I spent the next week really sick, so was okay not working. For a few days, I was really sad and just wanted to come home. I even tried to change my plane ticket to come home before April started, but it was expensive and I couldn’t do it. I felt like I was seeing the world the way it really was. I’ve been thankful for my life, without realizing what I’ve actually had. People are so lonely. I just felt like I was imposing this loneliness upon myself for no reason. There are so many people who keep me tethered to this world. I became obsessed with mythology and folklore. Stories that explained our beginnings in the world. Why things are the way they are. Stories that promised there is more to our existence than meaninglessly drifting around the universe. Stories that made sense out of humanity. I started reading a lot of Italo Calvino, whom I never had before, but I really like. (Actually, I loved If on a Winter’s Night a Travler, which isn’t mythology at all). The book I’m reading now is actually kind of the story of creation in space. It’s beautiful and makes me feel a little bit better about the world. And I read a book of Tobias Wolff’s short stories and was inspired to start some of my own. It’s new for me, but I really like this form.

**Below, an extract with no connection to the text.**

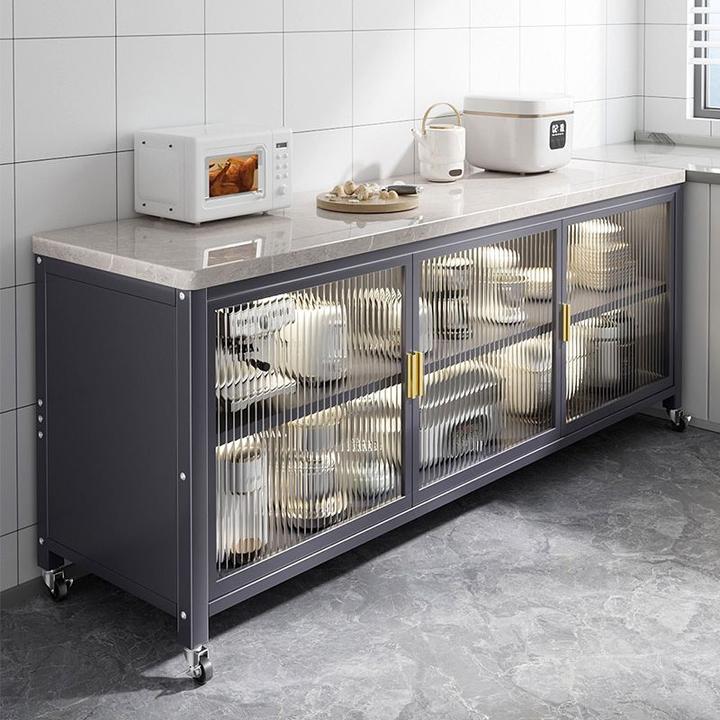 2024款岩板厨房置物架落地多层收纳柜多功能微波炉烤箱切菜餐边柜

I felt like I had to change something. I didn't once regret coming here, it was undoubtedly the best decision of my life. But I felt like I'd accomplished everything I set out to do, and it was just time to leave.
Everything changes. I’m glad I couldn’t change my ticket. I think on some level I knew that deep down, I was hitting a breaking point—I could leave and stay as connected to home and the past and my life the way it was, or I could stay and become detached from it all. Part of me didn’t want to lose…myself. But I did. I completely let go. I actually feel like a different person, now. Free. I went to a party last weekend and met new people, was completely part of the moment instead of looking back at it as if it already happened and I was telling it. That’s how I’ve been feeling lately—part of the moment. It sounds silly, but it’s new for me. I’ve never experienced life this way. I like it. I don’t know if I’ll ever want to go back to the way I was, you know, six days ago, when my whole world was different.
Next week I start work in a factory. Lots of people I know are starting work there, too. It will be a steady job where the season won’t affect our income, so I can count on (as much as anything can be counted on) six weeks of good money. Maybe I won’t come home broke afterall! And I’m officially going to Romania for Ana’s wedding, so would like to have a little money for that. I was planning on packing one suitcase of snacks to avoid buying food while I was there, but I’d probably have to declare it or something, so that wouldn’t be ideal.
I know this blog was very vague. Next one will be better and I’ll talk about actual things I’ve been doing.
P.S. this picture has nothing to do with this blog. It's from New Years. I just think it's funny.